The locals tell me there are Wildschweine – wild boars – in the woods around Pfohren, in southern Germany, but I don't know if I believe them any more. Maybe they're just having fun with the foreigner, you know, that famed German sense of humour? I want to believe them, though.
I am a two-time emigrant. My first excursion into the world beyond the recession brought me to Canada. While I was there I fell in love with a German girl, and that’s why I now live in a village between the Black Forest and the Swabian alps.
Pfohren is surrounded by rolling hillocks, small woods and farmland. It takes 30 seconds to pass through in a car. There are no shops, no pubs and no reasons to leave the house after 5pm except to take in the fantastic views of the night sky.
I think I prefer living in a rural area to living in a capital. There is fresh air, there are forests and fields that teem with wildlife, and at night there is peace and quiet instead of a Garda helicopter hovering over your Dublin housing estate.
I like where I live, and I love who I live with, but the problems for me begin when I walk out of the front door and cannot communicate with the people around me. To improve my chances I have, since October, been learning German as part of an integration course. It consists of 500 hours of language classes and 100 hours of lessons about German society. I hate it, but it is necessary. Attempting to learn German has been the most frustrating experience of my life.
My next challenge will be to find work. My girlfriend’s family own a restaurant, where I help out with tasks that don’t involve talking to customers, like cleaning or moving furniture, but it’s only occasional.
I have lined up temporary work for the summer, as an order picker in a warehouse. I will be happy to be earning my keep and taking some of the financial pressure off my girlfriend. We’re getting by, but it involves careful budgeting.
I don’t think we will stay in Pfohren for long. It is a nice part of the world, but my work options are limited. Jobs are available in the area, but most are in manufacturing and require a three-year apprenticeship on very low pay. That’s perfect for teenagers who live at home but not for grown men with bills to pay. Fortunately, Germany has many cities with better opportunities for social-science graduates like me.

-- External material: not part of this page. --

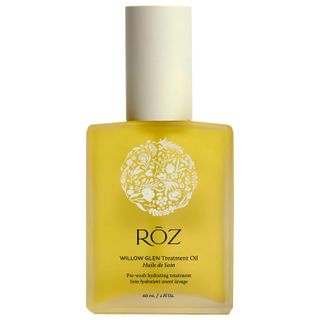 Roz Willow Glen Treatment Oil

So, if I’m broke and have a slim chance of landing a job, what is so different about being here in Pfohren rather than in Ireland? Well, I have hope here, hope that things will get better for me, especially once I have a better grasp of the language. I am making slow progress in Germany, but at least it feels like progress. I don’t feel like I’m standing still any more.
The promise of a sustainable future is a lot stronger here than the promised future back home. One day I hope to return to Ireland, but, right now, struggling in Germany seems more worthwhile in the long term than struggling in Ireland.
And besides, I still haven't seen a Wildschwein.